Summary. The manuscript extends a phenomenological model for the core-bounce gravitational-wave signal from rapidly rotating core-collapse supernovae by adding a signal timescale parameter. It reports improved median fitting factors (88.88% to 90.83%) against numerical-relativity databases and performs MCMC-based Bayesian parameter estimation on 452 simulated signals injected into real O3aL1 noise, recovering the rotational parameter β with median relative error 11.93% (95th percentile 38.41%) and uncertainty σ_β = 1.083 × 10^{-3} at 10 kpc, while analyzing prior and noise effects.

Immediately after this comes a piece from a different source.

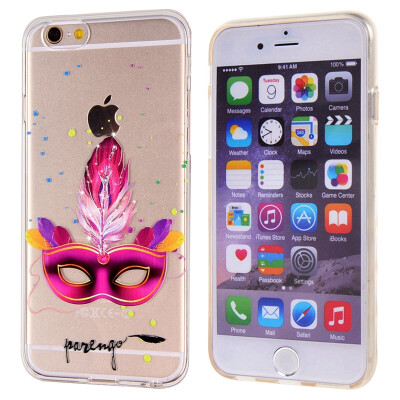 

MOOCASE Multicolored Shining Plumage Mask Pattern Transparent TPU Case Cover For iPhone 6 4.7''Color 6/iPhone 6 Plus 5.5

Significance. If the extended model proves sufficiently faithful to NR waveforms and the recovery statistics hold under independent tests, the work would offer a concrete Bayesian pipeline for extracting β and EOS information from future CCSN detections in real interferometric data, improving on matched-filtering baselines. The provision of quantitative metrics from injections into actual detector noise is a positive step toward practical applicability.

major comments (3)

[parameter estimation results] Parameter estimation section (results on 452 injections): the manuscript must explicitly state the origin of the 452 simulated signals (whether generated from the extended phenomenological model itself or from independent NR simulations). If the former, the reported median relative error of 11.93% for β and the bias figures (up to 11.9% from real noise) only characterize statistical performance inside the model manifold and leave untested the propagation of residual mismatch (even at the improved 90.83% fitting factor) into systematic offsets in recovered β. This is load-bearing for the claim that the method is ready for real data.
[fitting factors and Bayesian model comparison] Fitting-factor and model-comparison section: the coverage of the NR waveform database (progenitor masses, rotation rates, EOS variants) and any post-hoc selection criteria applied to the 452 cases or the fitting-factor calculations are not detailed. Without this, it is difficult to assess whether the median improvement from 88.88% to 90.83% and the consistency across datasets are representative or could be affected by limited sampling.
[abstract and prior/noise analysis] Abstract and results on prior/noise impact: the claim that optimized priors reduce biases to 0.6% while real noise introduces up to 11.9% requires explicit linkage to the corresponding posterior distributions or tables; the current presentation leaves unclear how these percentages are computed (e.g., median absolute relative deviation from injected values) and whether they incorporate the new timescale parameter.

minor comments (2)

[model extension] Notation for the new timescale parameter should be introduced with a clear symbol and units in the model section to avoid ambiguity when comparing to prior work.
[abstract] The abstract states improvement over 'previous matched-filtering results' without a specific citation or quantitative comparison table; adding this would strengthen the claim.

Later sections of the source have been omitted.